Ruth Ellis was rightly found guilty of the murder of her lover David Blakely in 1955. She instantly admitted shooting him to death. The problematic areas of the case, apart from the public’s horror at the execution of an attractive young woman, lie in the domestic violence she suffered from Blakely (which was not considered as a mitigating circumstance) and the suspicion that another of her lovers, Desmond Cussen, was implicated in the crime.
Amanda Whittington foregrounds Ellis’s sufferings, physical and emotional, and also the giddy febrile world of post-war London clubland, nicely captured in Jonathan Fensom’s elegant/seedy designs. She uses a detective inspector, Jack Gale (solidly played by Mark Meadows), to investigate the truth behind the case. Blakely, interestingly, does not appear, probably to enhance both his glamour and his cruelty. Instead three female characters (one historical, two fictional) support, encourage, oppose and, occasionally, fail Ruth.
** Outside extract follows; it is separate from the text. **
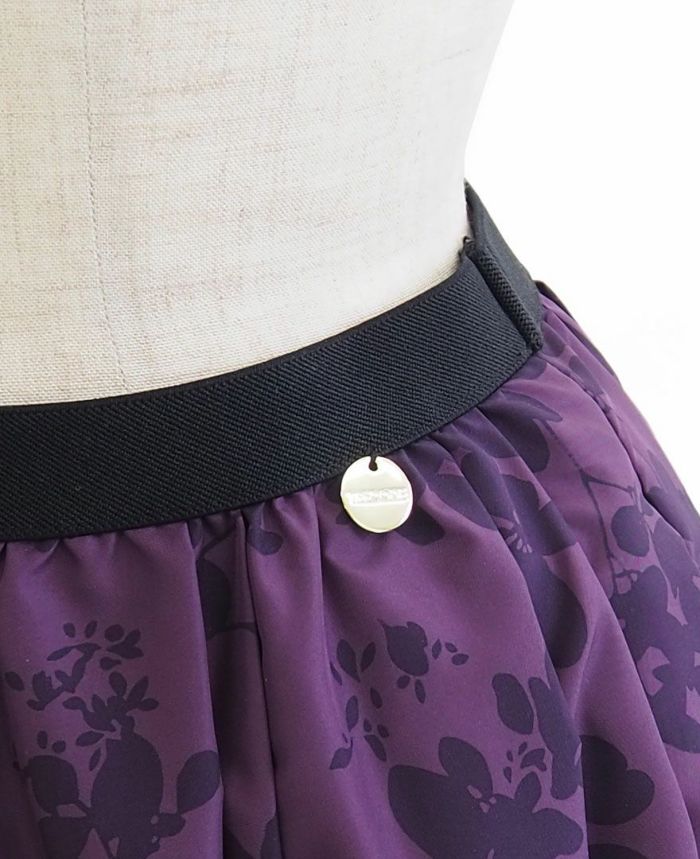 神戸・山の手スカートの黒ゴム花柄スカートには、オリジナル金チャームがついています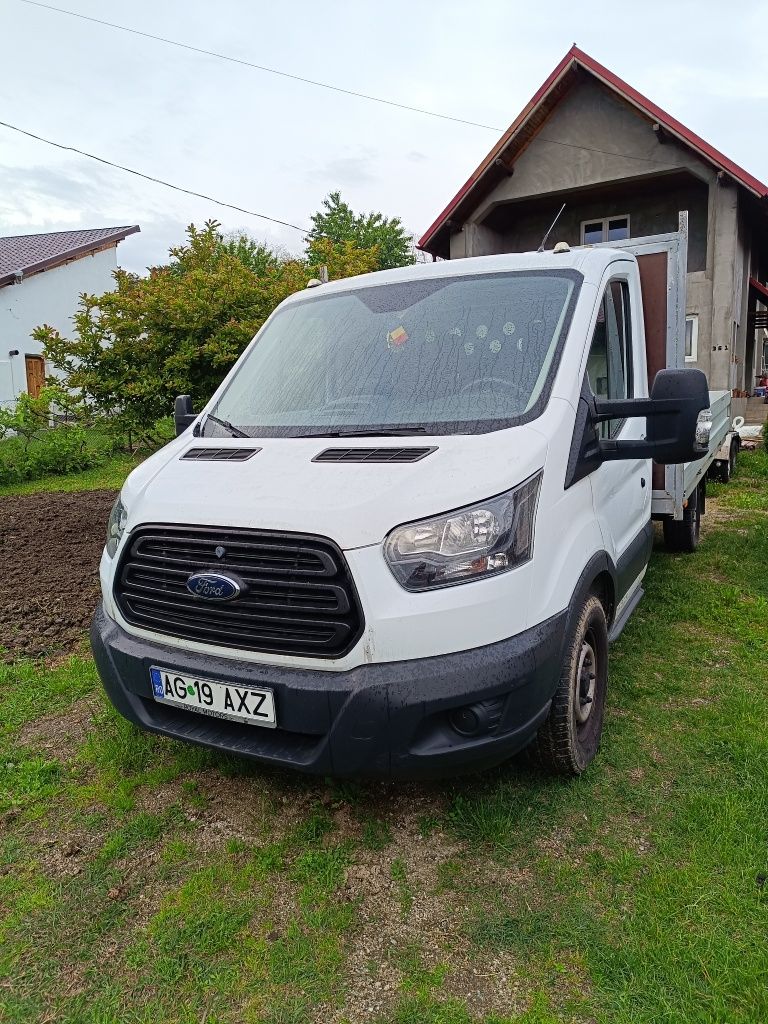 Vând Ford transit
Vickie Martin was Ellis’s best friend and, like so many of her circle, was known by various names (born Valerie Mews) and met a violent death – in a motor accident in the same year as the murder of Blakely. Whittington uses her cleverly to suggest what Ellis aspired to – friendship with Diana Dors, no less – and Maya Wasowicz exudes a sensuous amorality along with a sense of girlish fun in the happier days before it all gets too serious. The two invented characters, the nightclub manageress Sylvia and the charwoman Doris, receive sympathetic performances from Hilary Tones and Katie West, the one concealing her heart beneath a hard-boiled exterior, the other guileless, but in some ways more worldly-wise than the flamboyant Miss Ellis. As Ruth Ellis, the archetypal blonde bombshell, Faye Castelow is an intense amalgam of brittleness, uneasy gaiety, emotional instability and stoic obstinacy.
It’s an evening at the theatre that demands attention, but I’m not sure it does justice to the remarkable story of Ruth Ellis.